* _What is required_: One range is to be output from the listing below, exactly as written: the line with "Handbag - Picture 2 of 3" to the line with "שמחת הברית פאר", both kept.
%%
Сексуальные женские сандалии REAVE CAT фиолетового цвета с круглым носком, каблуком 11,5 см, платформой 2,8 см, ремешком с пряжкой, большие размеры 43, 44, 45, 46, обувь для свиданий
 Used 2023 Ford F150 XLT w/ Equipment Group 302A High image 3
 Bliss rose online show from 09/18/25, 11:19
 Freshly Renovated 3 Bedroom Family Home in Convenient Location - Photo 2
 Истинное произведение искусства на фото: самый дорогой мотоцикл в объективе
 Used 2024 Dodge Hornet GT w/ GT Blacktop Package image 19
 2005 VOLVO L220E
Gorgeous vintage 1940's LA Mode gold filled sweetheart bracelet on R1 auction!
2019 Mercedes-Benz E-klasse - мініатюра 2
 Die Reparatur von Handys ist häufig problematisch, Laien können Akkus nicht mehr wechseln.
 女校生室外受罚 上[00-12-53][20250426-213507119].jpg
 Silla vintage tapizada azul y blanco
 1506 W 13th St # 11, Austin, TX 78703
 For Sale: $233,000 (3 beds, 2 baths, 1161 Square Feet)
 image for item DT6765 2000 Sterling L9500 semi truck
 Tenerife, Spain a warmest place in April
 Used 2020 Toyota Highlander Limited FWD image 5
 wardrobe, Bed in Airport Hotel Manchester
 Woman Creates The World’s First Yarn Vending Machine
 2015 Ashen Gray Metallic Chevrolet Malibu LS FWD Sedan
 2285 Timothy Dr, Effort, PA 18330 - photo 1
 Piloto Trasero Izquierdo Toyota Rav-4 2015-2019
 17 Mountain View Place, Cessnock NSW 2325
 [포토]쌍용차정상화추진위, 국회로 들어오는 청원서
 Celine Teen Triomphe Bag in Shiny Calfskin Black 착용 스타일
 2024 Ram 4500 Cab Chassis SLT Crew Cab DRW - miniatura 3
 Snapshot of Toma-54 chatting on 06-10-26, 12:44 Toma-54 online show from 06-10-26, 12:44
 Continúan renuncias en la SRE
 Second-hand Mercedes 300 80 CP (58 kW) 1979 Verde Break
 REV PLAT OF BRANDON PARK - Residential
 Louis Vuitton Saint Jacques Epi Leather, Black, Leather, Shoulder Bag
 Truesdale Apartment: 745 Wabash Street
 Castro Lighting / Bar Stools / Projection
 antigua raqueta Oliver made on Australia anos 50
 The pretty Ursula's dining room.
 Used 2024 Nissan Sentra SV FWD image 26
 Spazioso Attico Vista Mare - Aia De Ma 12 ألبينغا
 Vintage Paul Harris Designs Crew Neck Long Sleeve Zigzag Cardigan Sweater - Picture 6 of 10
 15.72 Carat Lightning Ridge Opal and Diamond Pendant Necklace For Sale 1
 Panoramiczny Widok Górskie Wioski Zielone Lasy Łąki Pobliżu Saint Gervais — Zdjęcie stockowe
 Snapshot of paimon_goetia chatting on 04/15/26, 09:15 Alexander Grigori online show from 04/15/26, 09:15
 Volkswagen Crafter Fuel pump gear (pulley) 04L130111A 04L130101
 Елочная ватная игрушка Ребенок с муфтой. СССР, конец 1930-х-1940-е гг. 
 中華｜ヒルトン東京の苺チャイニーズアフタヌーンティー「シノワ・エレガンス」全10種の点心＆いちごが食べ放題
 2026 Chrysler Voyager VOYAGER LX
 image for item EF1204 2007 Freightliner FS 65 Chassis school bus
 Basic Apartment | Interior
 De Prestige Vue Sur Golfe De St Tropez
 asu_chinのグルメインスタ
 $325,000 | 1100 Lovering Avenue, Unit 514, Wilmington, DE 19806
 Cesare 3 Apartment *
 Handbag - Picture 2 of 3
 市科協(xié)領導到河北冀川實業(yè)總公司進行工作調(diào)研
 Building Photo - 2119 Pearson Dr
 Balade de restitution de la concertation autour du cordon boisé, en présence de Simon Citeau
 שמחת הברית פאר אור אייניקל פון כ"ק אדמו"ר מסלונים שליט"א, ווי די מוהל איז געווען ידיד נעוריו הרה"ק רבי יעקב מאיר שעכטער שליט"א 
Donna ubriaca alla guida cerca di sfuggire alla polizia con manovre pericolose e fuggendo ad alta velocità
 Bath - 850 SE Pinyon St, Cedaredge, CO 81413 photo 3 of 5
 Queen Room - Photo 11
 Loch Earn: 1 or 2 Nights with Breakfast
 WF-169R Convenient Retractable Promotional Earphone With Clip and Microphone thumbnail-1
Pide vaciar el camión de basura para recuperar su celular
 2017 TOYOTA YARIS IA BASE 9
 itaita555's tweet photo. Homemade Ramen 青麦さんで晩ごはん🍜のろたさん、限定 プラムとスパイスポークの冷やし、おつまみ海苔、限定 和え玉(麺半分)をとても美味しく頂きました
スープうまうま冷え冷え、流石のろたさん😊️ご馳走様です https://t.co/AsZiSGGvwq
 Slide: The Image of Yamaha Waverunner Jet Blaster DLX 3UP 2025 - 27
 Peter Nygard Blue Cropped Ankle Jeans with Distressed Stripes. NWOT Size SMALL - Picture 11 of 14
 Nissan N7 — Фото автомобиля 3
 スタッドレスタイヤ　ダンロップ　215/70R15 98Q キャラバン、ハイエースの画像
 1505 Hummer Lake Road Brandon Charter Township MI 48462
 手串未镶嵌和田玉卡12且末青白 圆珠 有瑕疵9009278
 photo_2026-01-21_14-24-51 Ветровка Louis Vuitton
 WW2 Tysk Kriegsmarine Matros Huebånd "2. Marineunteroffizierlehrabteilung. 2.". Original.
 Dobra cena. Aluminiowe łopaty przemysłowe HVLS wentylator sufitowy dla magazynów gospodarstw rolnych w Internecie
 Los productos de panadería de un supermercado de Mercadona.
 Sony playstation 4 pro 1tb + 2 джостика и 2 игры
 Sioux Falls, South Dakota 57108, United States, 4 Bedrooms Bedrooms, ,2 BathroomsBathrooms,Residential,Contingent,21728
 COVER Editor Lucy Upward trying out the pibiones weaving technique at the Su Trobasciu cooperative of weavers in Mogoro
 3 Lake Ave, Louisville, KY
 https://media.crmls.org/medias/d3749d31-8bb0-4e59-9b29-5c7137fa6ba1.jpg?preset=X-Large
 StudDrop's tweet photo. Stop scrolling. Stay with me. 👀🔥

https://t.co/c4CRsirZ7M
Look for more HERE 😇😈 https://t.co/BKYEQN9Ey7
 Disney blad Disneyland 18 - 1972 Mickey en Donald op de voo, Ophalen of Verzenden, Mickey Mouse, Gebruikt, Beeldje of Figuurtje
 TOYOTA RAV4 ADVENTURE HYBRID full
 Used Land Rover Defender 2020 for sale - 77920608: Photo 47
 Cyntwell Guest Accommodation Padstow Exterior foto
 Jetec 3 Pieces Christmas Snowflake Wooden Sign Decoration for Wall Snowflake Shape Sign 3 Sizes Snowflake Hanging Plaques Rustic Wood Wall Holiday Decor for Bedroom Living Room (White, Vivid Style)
%%
* _Exercise response_:
 Handbag - Picture 2 of 3
 市科協(xié)領導到河北冀川實業(yè)總公司進行工作調(diào)研
 Building Photo - 2119 Pearson Dr
 Balade de restitution de la concertation autour du cordon boisé, en présence de Simon Citeau
 שמחת הברית פאר אור אייניקל פון כ"ק אדמו"ר מסלונים שליט"א, ווי די מוהל איז געווען ידיד נעוריו הרה"ק רבי יעקב מאיר שעכטער שליט"א 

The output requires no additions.